Mr Morrison, who is the acting Home Affairs Minister, on Thursday effectively banned Chinese telecommunications giants Huawei and ZTE from bidding for lucrative 5G mobile phone network contracts due to security concerns. The move will further anger China.
Diplomats say Chinese officials are bemused by Australia’s string of leadership changes since 2007, and the political brinkmanship. Latest events in Canberra further undermine Canberra’s credibility in a one-party state where its rulers are rarely challenged.
Trade Minister Steve Ciobo, who had been due to lead a delegation of Australian business leaders to Shanghai in November and is the only senior minister to visit the country this year, on Thursday resigned from the Turnbull ministry.
The government said on Thursday the national security risks to 5G networks were greater than under the current technology.
“Vendors . . . subject to extrajudicial directions from a foreign government that conflict with Australian law, may risk failure by the carrier to adequately protect a 5G network from unauthorised access or interference,” acting Home Affairs Minister Scott Morrison said in a statement on Thursday morning.
While it did not specially mention China, the reference to “extrajudicial directions” is clearly aimed at the Chinese bidders.
Huawei said the outcome was “extremely disappointing”.
The Australian Financial Review revealed in April that anger over the Turnbull government’s rhetoric on China had prompted Beijing to refuse visas to ministers, while a major annual showcase of Australian trade and business in China was on the verge of being cancelled.
The government has not denied that China had delayed issuing visas to some ministers. However, Mr Turnbull’s speech this month and efforts by Foreign Minister Julie Bishop and Mr Ciobo to reset the relationship were seen as positive signs the relationship was shifting back in the right direction.

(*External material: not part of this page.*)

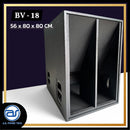 ตู้ลำโพง Sub Woofer ไม้อัดตราภูเขา (พร้อมดอก) ขนาดดอก 18" รุ่น BV - 18 (ราคา/ใบ) *ราคาไม่รวมค่าส่ง*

There has been little coverage in China of the political turmoil in Canberra, with the country’s media focused on trade tension with the United States.
Labor, which has also struggled with its relationship with China in the past, has been stepping up criticism of the government’s management of ties with Beijing and hopes to resolve tensions in the bilateral relationship if it wins power at the next election.